Paperwork in order and gear in tow, we headed straight back to the island where we immediately got pulls on the back lines, landing a good size Spanish Mackerel (Cuda). This was a great consolation prize after all the problems we’d experienced, and we really thought we were going to smash it in the area when the water cleared up.
Unfortunately the weather at the island was not always what you see on the postcards. The wind almost blew our reed hut over. However, over a three week duration it gave me enough time to sus the place out and get a few decent fish.

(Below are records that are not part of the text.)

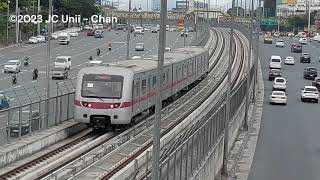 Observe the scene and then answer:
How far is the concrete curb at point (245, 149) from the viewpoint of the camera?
2842 centimetres

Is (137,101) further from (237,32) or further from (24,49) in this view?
(237,32)

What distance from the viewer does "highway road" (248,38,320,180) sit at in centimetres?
2925

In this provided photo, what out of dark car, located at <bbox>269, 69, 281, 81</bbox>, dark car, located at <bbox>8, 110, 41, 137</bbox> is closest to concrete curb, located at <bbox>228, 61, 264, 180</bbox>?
dark car, located at <bbox>8, 110, 41, 137</bbox>

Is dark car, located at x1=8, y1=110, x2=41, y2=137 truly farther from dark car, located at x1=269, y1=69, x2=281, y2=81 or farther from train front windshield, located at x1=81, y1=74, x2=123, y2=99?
dark car, located at x1=269, y1=69, x2=281, y2=81

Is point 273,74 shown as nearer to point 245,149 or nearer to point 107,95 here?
point 245,149

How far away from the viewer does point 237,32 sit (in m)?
131

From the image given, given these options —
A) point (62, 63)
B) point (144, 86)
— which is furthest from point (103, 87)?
point (62, 63)

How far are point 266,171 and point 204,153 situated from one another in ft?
25.5

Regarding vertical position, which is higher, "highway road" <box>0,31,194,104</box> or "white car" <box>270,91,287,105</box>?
"highway road" <box>0,31,194,104</box>

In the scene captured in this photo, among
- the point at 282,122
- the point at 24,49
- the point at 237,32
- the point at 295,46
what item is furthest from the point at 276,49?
the point at 282,122

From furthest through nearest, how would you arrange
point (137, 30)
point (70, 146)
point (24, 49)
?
point (137, 30) < point (24, 49) < point (70, 146)

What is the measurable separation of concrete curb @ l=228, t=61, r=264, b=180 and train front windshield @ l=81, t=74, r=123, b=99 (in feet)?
18.4

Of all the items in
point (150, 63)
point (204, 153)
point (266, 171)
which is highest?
point (150, 63)

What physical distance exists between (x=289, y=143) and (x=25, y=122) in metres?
15.9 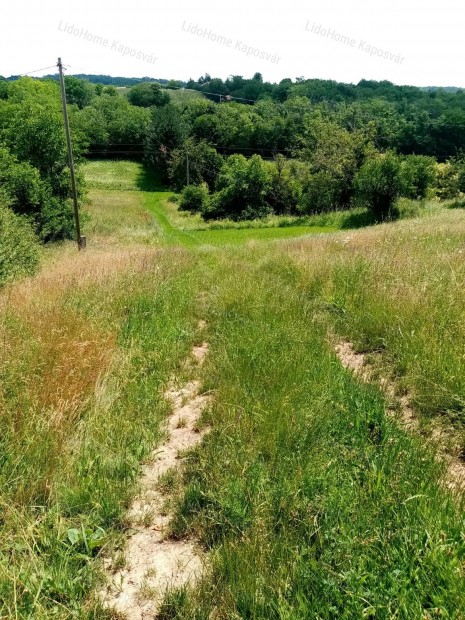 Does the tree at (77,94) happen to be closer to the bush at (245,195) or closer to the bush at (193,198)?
the bush at (193,198)

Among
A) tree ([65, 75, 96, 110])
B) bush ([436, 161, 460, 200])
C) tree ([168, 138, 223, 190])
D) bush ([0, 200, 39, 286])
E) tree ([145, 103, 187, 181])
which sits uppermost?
tree ([65, 75, 96, 110])

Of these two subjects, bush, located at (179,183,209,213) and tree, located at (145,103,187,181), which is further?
tree, located at (145,103,187,181)

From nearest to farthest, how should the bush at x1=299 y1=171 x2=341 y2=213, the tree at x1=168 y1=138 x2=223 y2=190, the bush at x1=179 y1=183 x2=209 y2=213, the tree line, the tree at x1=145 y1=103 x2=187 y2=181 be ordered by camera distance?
1. the tree line
2. the bush at x1=299 y1=171 x2=341 y2=213
3. the bush at x1=179 y1=183 x2=209 y2=213
4. the tree at x1=168 y1=138 x2=223 y2=190
5. the tree at x1=145 y1=103 x2=187 y2=181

With our visas expiring soon, we chased for the nearest border which was Zimbabwe and drove down through to Beit Bridge (where all our floats were stolen off the boat). If you’re planning on heading very far north in to Mozambique I definitely recommend coming back though Zim as the roads are very good. There is little or no infrastructure, other than the petrol stations and bottle stores, so unless you know somewhere you can sleep you need to push through the night.
After my first hardcore trip into Mozambique I can really say that the trip as a whole is an adventure. I’ll quote the title of Kwalala Lodge owner Mike Donald’s DVD here: “It’s not about the fish.” It’s about changing wheel bearings, rigging temporary fixes to boats and equipment and meeting the people. The journey there and back, seeing the country and making new friends is what made it exciting; the good diving was simply the cherry on the top.